--- Data ---

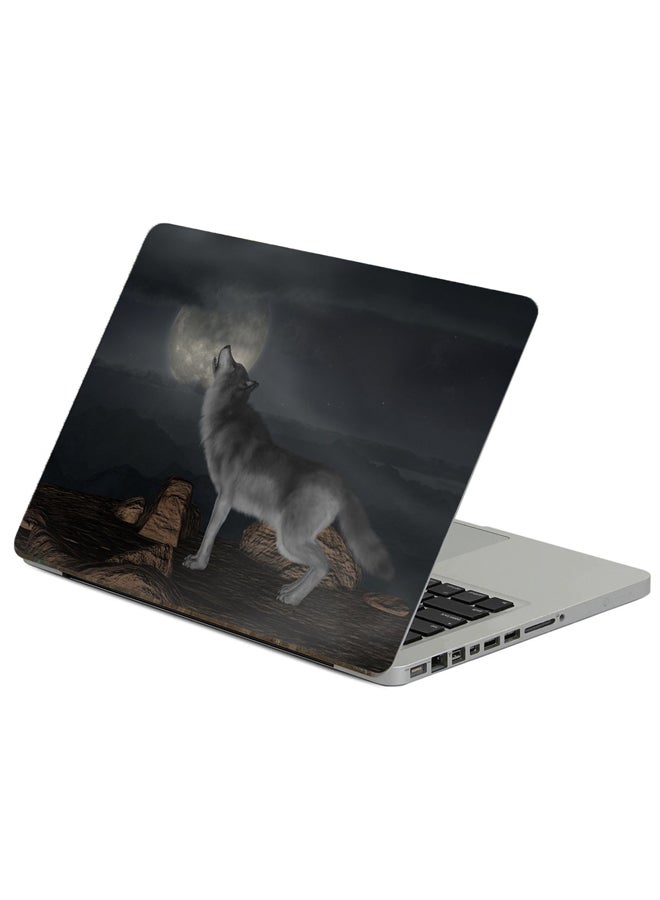 Fast Print Wolf Howl Printed Laptop Sticker Multicolor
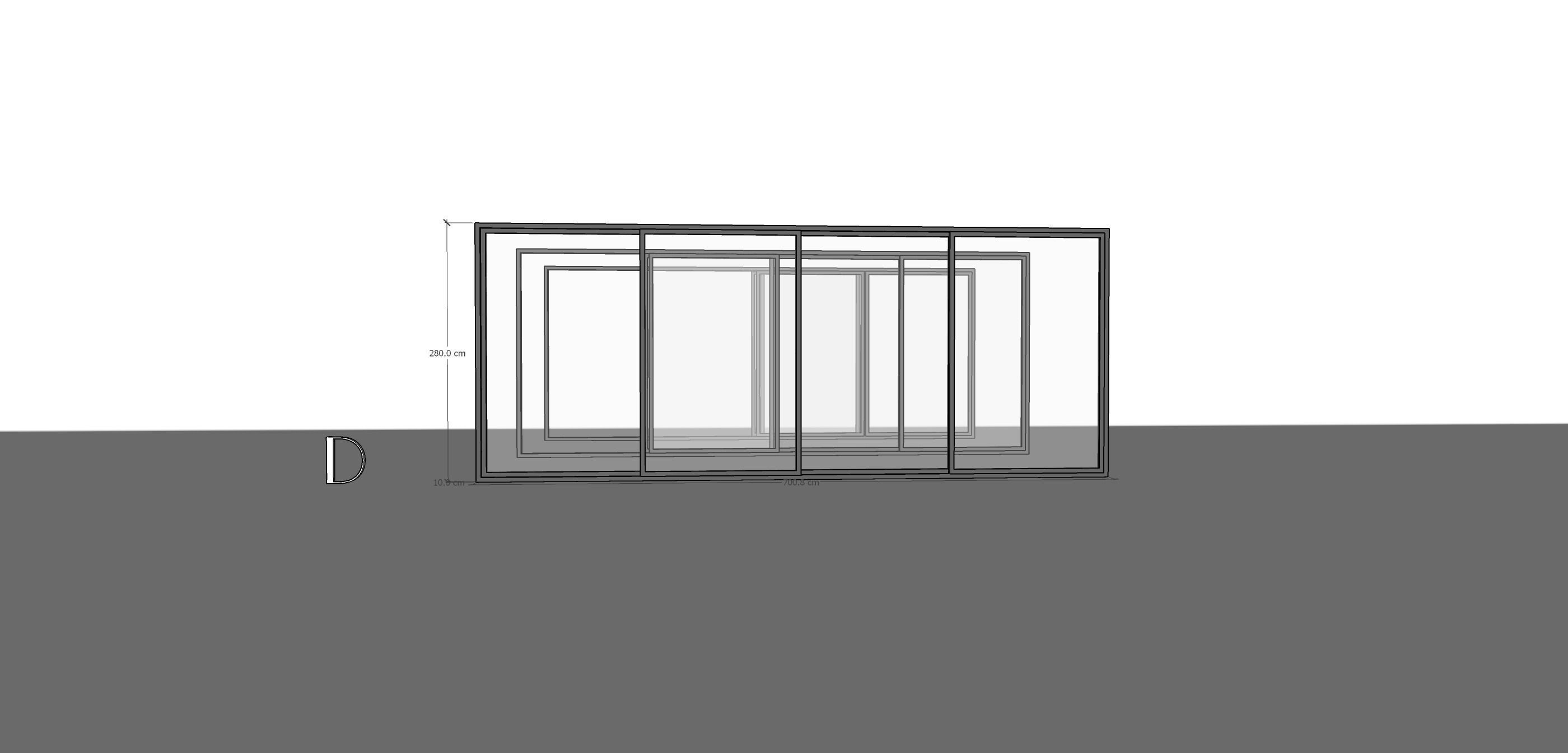 Sliding Metal Door - D 3D model_2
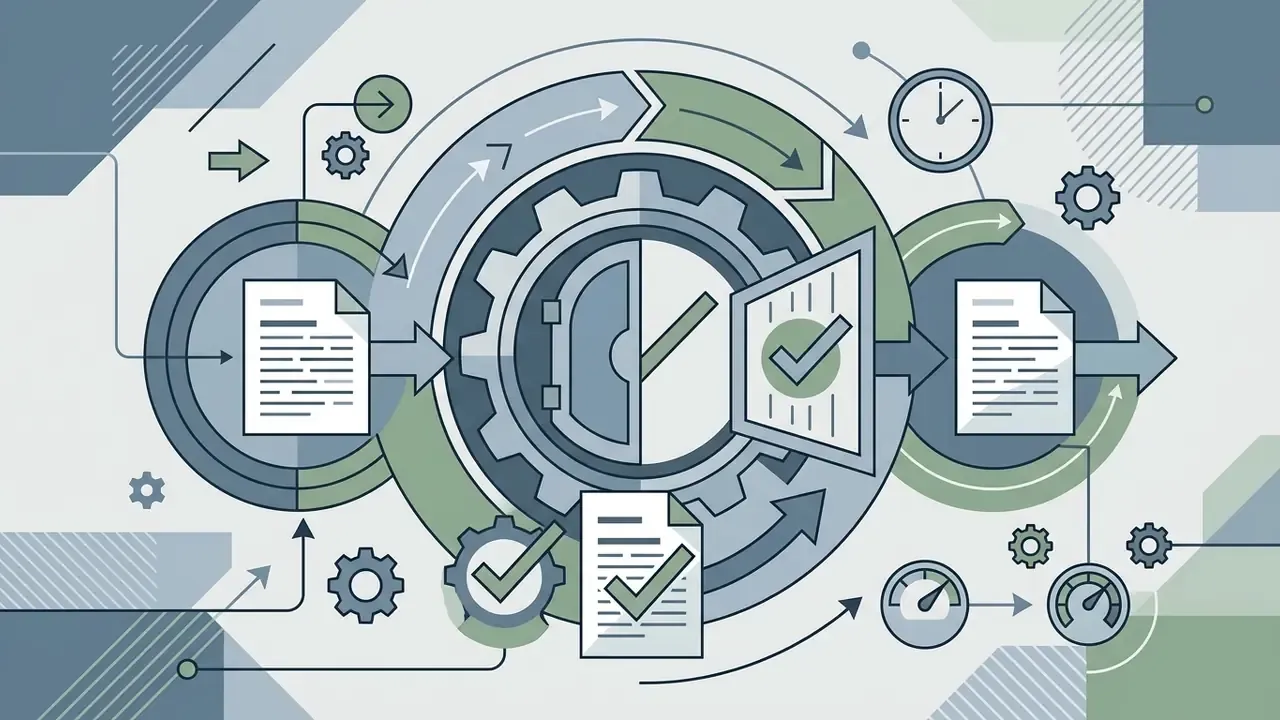 Documents moving through a gear mechanism and vault door to receive approval checkmarks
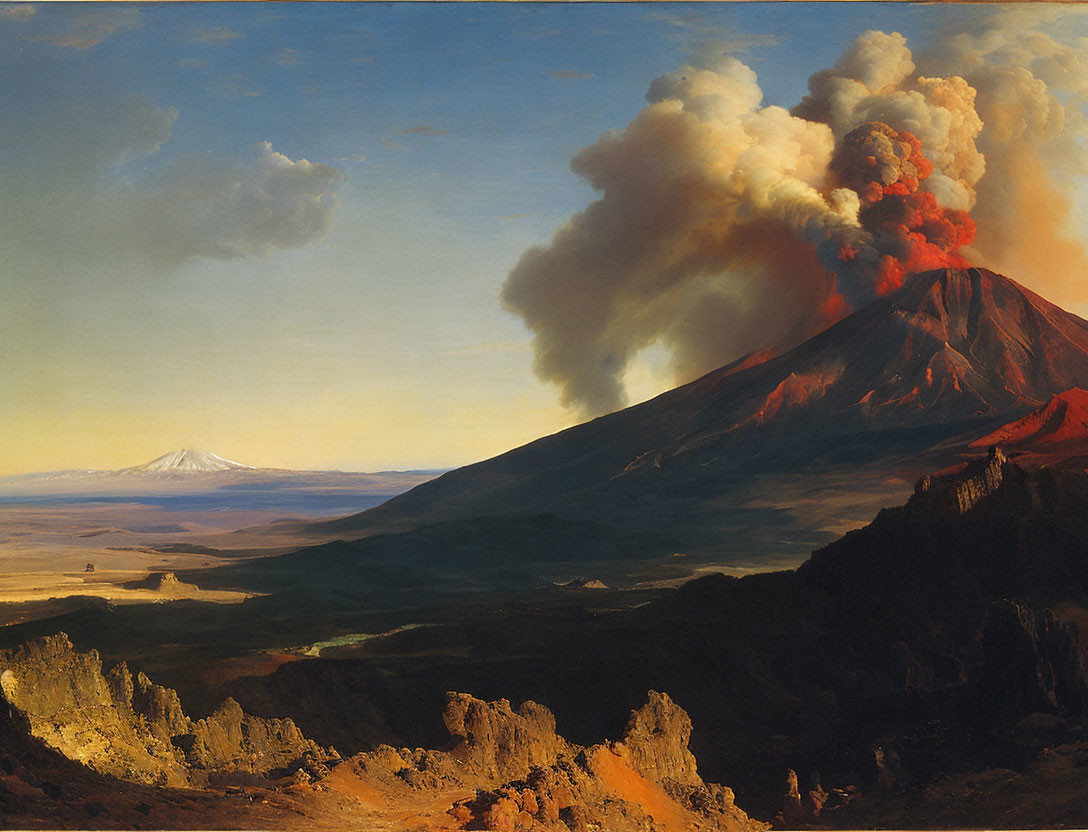 Volcanic eruption painting: smoke, ash clouds, orange-blue sky, distant mountains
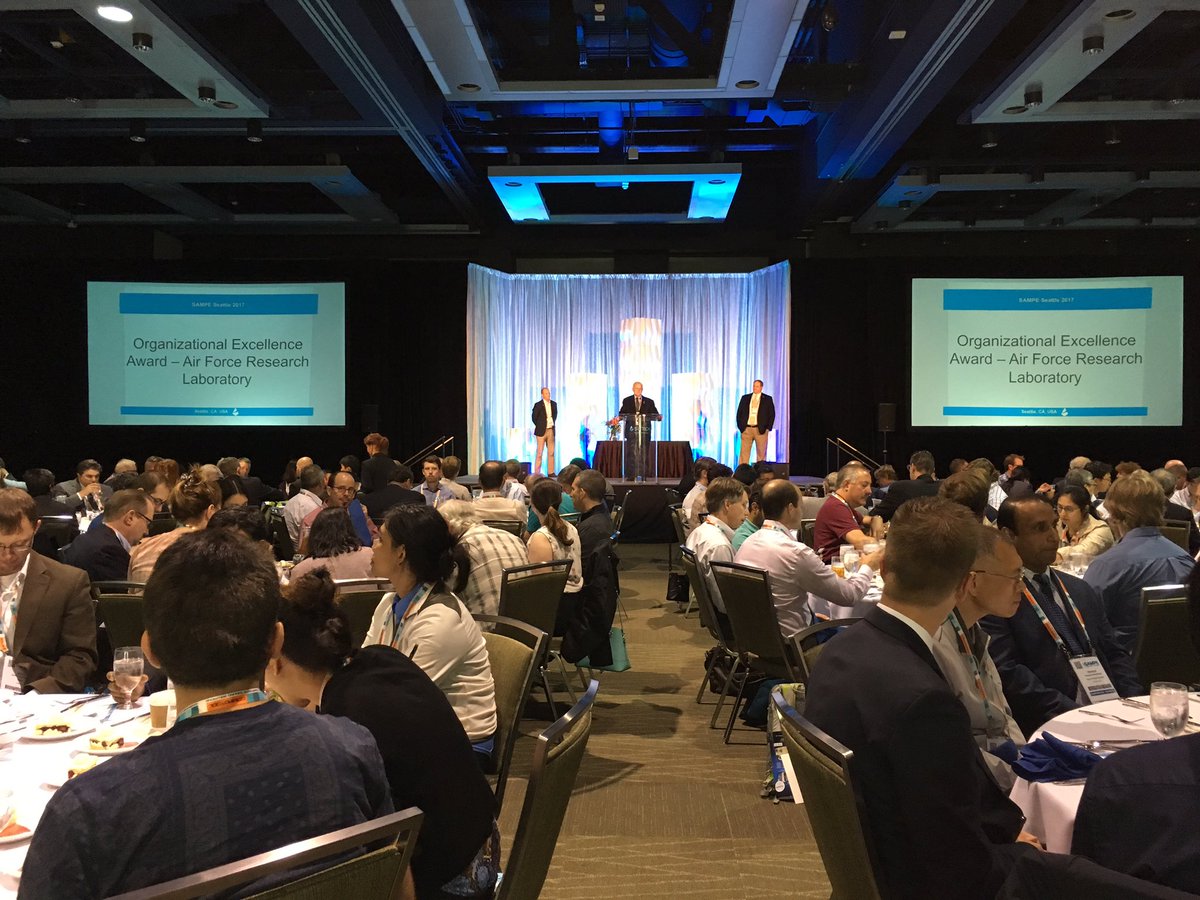 SAMPE's tweet photo. We are pleased to present the Organizational Excellence Award to Air Force Research Lab #sampe17 https://t.co/LqPd4fAHRx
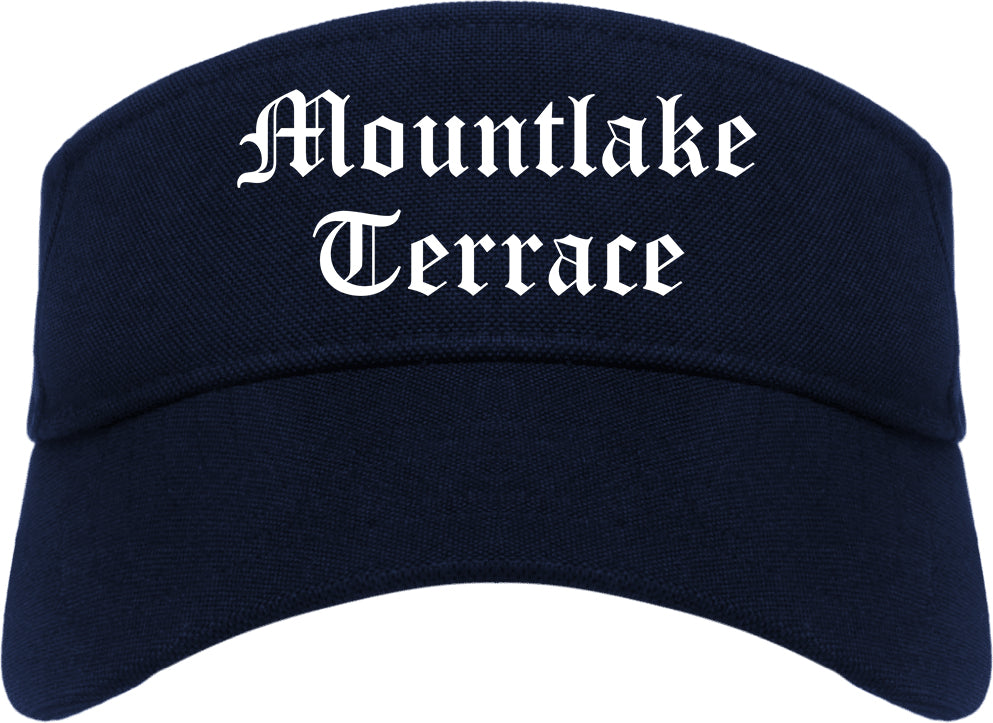Mountlake Terrace Washington WA Old English Mens Visor Cap Hat Navy Blue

---

### Task instructions
Without including any pictures, copy every line above exactly.

### Reply to the task
 Fast Print Wolf Howl Printed Laptop Sticker Multicolor
 Sliding Metal Door - D 3D model_2
 Documents moving through a gear mechanism and vault door to receive approval checkmarks
 Volcanic eruption painting: smoke, ash clouds, orange-blue sky, distant mountains
 SAMPE's tweet photo. We are pleased to present the Organizational Excellence Award to Air Force Research Lab #sampe17 https://t.co/LqPd4fAHRx
Mountlake Terrace Washington WA Old English Mens Visor Cap Hat Navy Blue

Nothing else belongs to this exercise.